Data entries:
BEGIN
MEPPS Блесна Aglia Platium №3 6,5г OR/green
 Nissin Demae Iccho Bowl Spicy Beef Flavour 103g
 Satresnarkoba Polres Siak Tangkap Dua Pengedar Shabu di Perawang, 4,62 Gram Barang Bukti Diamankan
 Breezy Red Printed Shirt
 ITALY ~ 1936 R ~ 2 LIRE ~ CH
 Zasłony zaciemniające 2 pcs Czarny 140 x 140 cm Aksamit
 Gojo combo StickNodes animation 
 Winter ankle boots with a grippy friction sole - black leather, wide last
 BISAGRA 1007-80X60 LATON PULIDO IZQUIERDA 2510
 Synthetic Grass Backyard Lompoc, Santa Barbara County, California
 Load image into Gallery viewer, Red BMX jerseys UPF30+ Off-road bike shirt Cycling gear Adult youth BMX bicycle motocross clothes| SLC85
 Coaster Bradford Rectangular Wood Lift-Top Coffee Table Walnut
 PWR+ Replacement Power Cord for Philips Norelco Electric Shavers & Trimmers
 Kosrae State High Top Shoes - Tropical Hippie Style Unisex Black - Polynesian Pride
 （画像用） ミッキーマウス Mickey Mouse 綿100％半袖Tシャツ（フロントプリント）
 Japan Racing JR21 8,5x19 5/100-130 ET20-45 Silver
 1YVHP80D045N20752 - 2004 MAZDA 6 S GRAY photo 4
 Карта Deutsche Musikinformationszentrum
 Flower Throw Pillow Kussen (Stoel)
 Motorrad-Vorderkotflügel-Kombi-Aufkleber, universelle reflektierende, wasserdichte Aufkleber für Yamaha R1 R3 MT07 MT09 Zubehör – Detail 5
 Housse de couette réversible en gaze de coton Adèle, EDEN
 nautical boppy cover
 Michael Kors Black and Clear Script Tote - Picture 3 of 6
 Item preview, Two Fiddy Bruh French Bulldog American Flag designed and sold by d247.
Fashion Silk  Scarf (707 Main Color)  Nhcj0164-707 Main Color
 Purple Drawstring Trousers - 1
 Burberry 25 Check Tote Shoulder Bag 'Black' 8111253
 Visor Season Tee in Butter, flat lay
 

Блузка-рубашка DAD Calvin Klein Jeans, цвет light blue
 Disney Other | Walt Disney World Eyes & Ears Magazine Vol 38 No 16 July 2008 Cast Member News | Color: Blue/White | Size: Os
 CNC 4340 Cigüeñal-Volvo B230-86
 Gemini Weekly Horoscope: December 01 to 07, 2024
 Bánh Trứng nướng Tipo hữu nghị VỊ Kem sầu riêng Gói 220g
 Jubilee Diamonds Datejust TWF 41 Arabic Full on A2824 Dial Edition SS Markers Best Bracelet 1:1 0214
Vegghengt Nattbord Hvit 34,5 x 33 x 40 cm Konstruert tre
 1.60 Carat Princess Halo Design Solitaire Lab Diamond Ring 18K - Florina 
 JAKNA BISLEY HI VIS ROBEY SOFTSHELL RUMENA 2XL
END
_Problem to solve:_
Using the entries above, return exactly the lines from the line with "Kosrae State High" to the line with "1YVHP80D045N20752 - 2004", counting both of those lines.

_Solution to this task:_
 Kosrae State High Top Shoes - Tropical Hippie Style Unisex Black - Polynesian Pride
 （画像用） ミッキーマウス Mickey Mouse 綿100％半袖Tシャツ（フロントプリント）
 Japan Racing JR21 8,5x19 5/100-130 ET20-45 Silver
 1YVHP80D045N20752 - 2004 MAZDA 6 S GRAY photo 4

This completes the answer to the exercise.